Though I'm really wondering how they got die size down so much. By reading that, it seems like they didn't cut down on the numbers of simds, which is sort of hard to believe given size needed to go down from 400+ to 330 mm².
Size was more like ~480mm² if the diagram is to be believed. ~30% cut in die size. The cut was prolly more significant than that, because we know that the via solution for RV740 was "a doubling of vias" which made RV740 grow.
So what else? Sideport is mentioned, but that's probably only good for 10mm² or so at best. What else could have been in there? Wider internal data paths (though the article says "features" had to go)? Cache sizes (not that they take up a whole lot of space)? In any case it can't have been something which required rebuilding of whole blocks, as that would have led to a much larger delay.
For the sideport to be useful it prolly needs to be much meatier than that seen in RV770, because that sideport's bandwidth is nothing to write home about (it is literally superfluous). 10x more bandwidth?

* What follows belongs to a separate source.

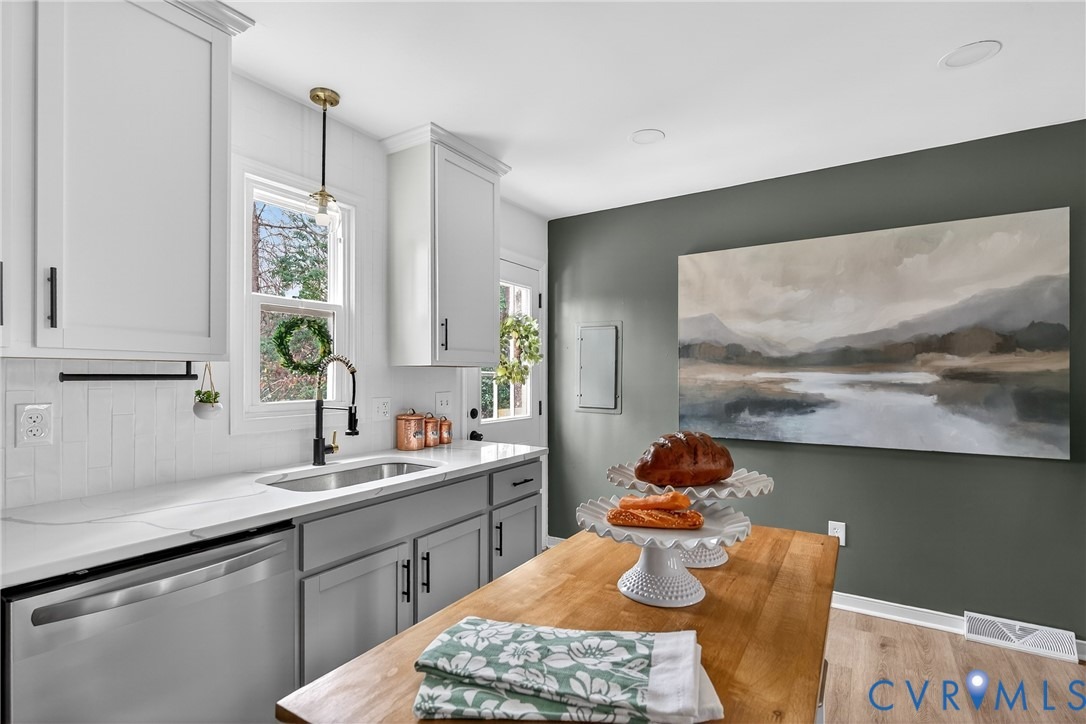 Dumaine Dr, Midlothian, VA 23112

Also I think a complete revamp of the cache system is due. Evergreen has two sets of atomic units: one set in the ROPs and another set in the LDSs. A cache system with one set of atomics close to the ALUs would do all this, making the atomics run on L1 which is dual-purpose L1/LDS. We get back to the old topic of making such atomics globally coherent, something discussed at length in the GT300 thread, which is a serious problem.

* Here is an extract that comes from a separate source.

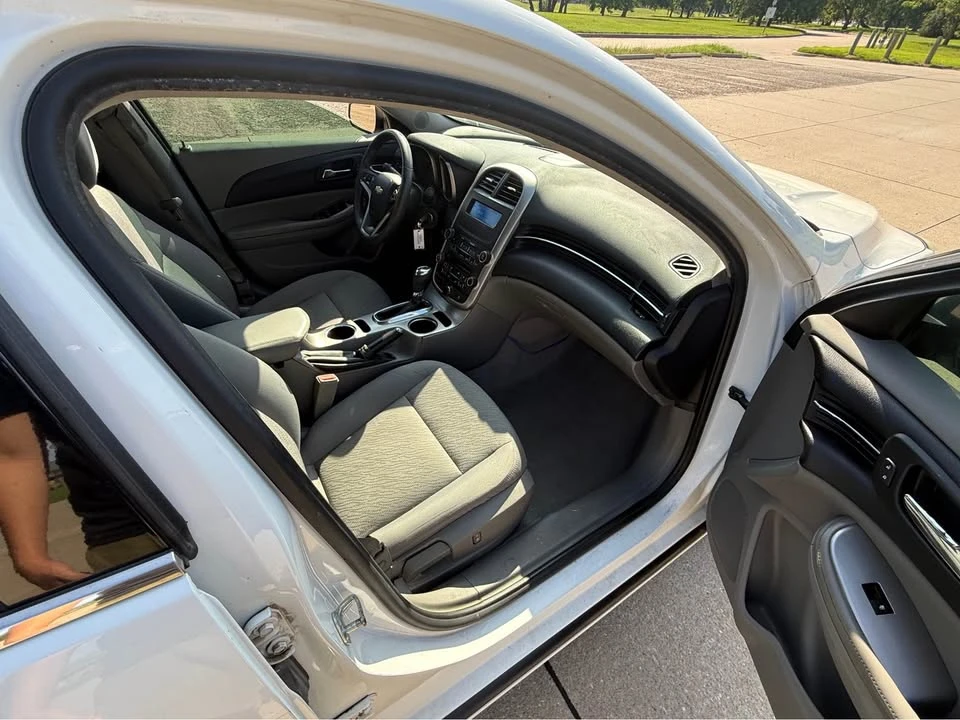 2016 Chevrolet Malibu - Image 17 of 17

Getting rid of the ROPs also has implications for early-Z.
The "peculiarly asymmetric" handling of caches for RW that Gipsel and I have been discussing might be a side effect of AMD simply deleting the fancy cache stuff. Retreating to a slightly enhanced version of what's in R700? R700 only supports a single UAV, but Evergreen has to support 8 for D3D11 compliance.
There might be some clues in the "reserved" gaps in the opcodes seen in the ISA
e.g. these 12 values:
19 EXPORT_RAT_INST_DEC_UINT : dst = ((dst==0 | (dst > src)) ? src : dst-1.
31:20 Reserved.
32 EXPORT_RAT_INST_NOP_RTN: Internal use by SX only (flush+ack with no
opcode). Return dword.
The RAT ID actually has space for 16 UAVs (coming in D3D11.1?) but the bit range there is 9 bits ([8:4] is unused).
Then you get into the whole topic of whether faster setup is required. And whether that's predicated on enhancements in the cache system.
Also, I'd say they missed the 2x performance target. Granted it's there in theoretical flops but not really in practice, though maybe the 2x target was only in theoretical flops...
It seems to me "shader core" is the basis for that.
Jawed